The Claimant avers that upon termination, she only received Kshs. 10,000 which was part payment in lieu of notice. That she has greatly suffered. That her rights as an employee were violated by the Respondent who has also refused to pay her terminal benefits. She quantifies her prayers as follows:
a) Gratuity at the rate of 30 days per year worked (Kshs. 25000x 23yrs) Kshs 575,000
b) Payment in lieu of notice (Kshs. 25,000x 3) less Kshs. 10,000 (already paid) Ksh 65,000
c) Payment in lieu of leave (Kshs 25,000x 19 yrs) Kshs 475,000
d) Salary arrears (January 2009 to January 2015) Kshs. 615,390.20
e) Overtime worked but not paid (104 Sundays per year for 23 years 9 holidays per year) ie 1666.6 x 2599= Kshs. 4,331,493.40.
f) Compensation for unfair termination (Kshs 25,000 x 12) Kshs. 300,000
Total Amount ………………………. Kshs. 6,361,883.60
In support of her claim, the Claimant filed her statement dated 25th July 2019 and an amended list of documents dated 25th July 2019. She later on filed a further witness statement dated 23rd June 2020.
Respondent’s Case
The Respondent in its Answer to Claim dated 14th February 2015 admits that the Claimant was its employee but denies that she was employed as its accounts clerk.

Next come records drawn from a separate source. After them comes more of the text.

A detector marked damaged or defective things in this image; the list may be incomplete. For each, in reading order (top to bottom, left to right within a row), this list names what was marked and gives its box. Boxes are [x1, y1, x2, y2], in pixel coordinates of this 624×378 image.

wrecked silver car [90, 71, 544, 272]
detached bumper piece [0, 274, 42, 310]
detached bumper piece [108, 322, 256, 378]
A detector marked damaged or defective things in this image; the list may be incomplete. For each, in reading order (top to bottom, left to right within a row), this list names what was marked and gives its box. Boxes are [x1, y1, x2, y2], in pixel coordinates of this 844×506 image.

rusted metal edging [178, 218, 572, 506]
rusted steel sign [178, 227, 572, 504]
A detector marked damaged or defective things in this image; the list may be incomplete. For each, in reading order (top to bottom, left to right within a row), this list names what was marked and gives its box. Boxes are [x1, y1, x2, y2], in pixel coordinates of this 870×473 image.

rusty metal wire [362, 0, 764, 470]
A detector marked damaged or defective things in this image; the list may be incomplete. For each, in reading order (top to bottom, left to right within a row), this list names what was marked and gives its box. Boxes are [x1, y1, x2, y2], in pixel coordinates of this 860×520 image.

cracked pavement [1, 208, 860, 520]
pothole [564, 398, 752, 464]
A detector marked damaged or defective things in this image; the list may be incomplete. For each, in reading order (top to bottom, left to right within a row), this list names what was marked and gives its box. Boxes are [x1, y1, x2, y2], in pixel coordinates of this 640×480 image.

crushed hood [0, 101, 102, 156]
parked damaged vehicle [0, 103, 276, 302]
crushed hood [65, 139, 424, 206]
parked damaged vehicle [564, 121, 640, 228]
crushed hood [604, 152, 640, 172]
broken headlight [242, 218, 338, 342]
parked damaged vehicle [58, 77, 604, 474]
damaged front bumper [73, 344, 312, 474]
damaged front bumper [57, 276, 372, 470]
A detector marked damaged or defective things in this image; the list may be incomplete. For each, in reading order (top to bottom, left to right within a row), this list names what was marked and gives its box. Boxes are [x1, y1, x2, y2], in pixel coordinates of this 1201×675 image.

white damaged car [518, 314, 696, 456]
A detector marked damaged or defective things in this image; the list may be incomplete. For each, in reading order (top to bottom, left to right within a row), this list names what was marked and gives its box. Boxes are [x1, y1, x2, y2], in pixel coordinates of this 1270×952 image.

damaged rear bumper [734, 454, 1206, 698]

That she was employed as a subordinate worker.
The Respondent denies verbally suspending the claimant from duty but states that if such suspension ever occurred, it was as a result of the Claimant’s gross misconduct. That without prejudice to the foregoing, the Claimant deserted duty on her own and failed to resume employment.

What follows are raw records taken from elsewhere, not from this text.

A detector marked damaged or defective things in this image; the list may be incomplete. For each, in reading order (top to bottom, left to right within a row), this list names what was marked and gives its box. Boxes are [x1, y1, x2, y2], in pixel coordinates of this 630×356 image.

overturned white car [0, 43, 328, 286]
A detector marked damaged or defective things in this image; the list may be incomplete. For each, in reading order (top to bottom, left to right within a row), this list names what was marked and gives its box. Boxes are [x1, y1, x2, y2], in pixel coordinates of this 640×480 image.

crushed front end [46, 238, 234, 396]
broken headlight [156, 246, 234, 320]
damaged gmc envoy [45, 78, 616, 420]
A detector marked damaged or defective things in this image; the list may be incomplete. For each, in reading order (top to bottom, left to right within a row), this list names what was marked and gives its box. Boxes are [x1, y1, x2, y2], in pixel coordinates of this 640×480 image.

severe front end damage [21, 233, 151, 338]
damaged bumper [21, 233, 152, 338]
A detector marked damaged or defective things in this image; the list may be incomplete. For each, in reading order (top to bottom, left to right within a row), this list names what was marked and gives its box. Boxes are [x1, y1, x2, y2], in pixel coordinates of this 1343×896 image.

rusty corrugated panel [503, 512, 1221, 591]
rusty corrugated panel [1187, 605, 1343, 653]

The Respondent avers that the allegation that the Claimant reported to work at 7:00 am and left at 6:00 pm every day is untrue and outrageous. It further denies the allegation that the Claimant worked on Sundays and Public holidays. The allegation that she was never granted leave is also denied. The Respondent also denies terminating the services of the claimant as claimed but admits advancing Kshs. 10,000 to the claimant.

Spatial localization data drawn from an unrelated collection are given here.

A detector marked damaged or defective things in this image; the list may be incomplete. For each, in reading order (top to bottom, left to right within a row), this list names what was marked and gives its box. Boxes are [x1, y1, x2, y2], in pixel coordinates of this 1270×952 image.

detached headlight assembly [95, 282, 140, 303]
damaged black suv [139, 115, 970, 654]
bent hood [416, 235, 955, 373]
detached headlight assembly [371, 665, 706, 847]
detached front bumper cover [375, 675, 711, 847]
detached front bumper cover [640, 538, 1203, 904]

The Respondent kept its answer to the Petition short and precise but filed detailed witness statements by Stafford Woodyard, Minah Woodyard and Chief John Muiruri. The same shall be highlighted when highlighting the evidence adduced by the witnesses.
Evidence
The suit was heard on 2nd February, 2021 when the Claimant testified and closed her case. She testified that she worked for the Respondent from 1991 until 2015. She adopted her witness statement as her evidence in chief. She also produced documents as per her list of documents.
It was the Claimants testimony that she worked as a clerk. By 2015, her salary was Kshs. 25,000. That the issues that led to her termination commenced on 20th January 2015. On that day the Claimant met the Respondent’s director, Mrs. Woodyard who was accompanied by an electrician. Mrs. Woodyard asked the Claimant about some invoiced items and the Claimant explained that the items had already been fixed. Mrs. Woodyard insisted that this was not the case and that the Claimant should pay for the items. The Claimant refused and Mrs. Woodyard informed her that she had been suspended until further notice. The Claimant insisted that she should be paid since the Respondent owed her salary arrears amounting to Kshs. 600,000.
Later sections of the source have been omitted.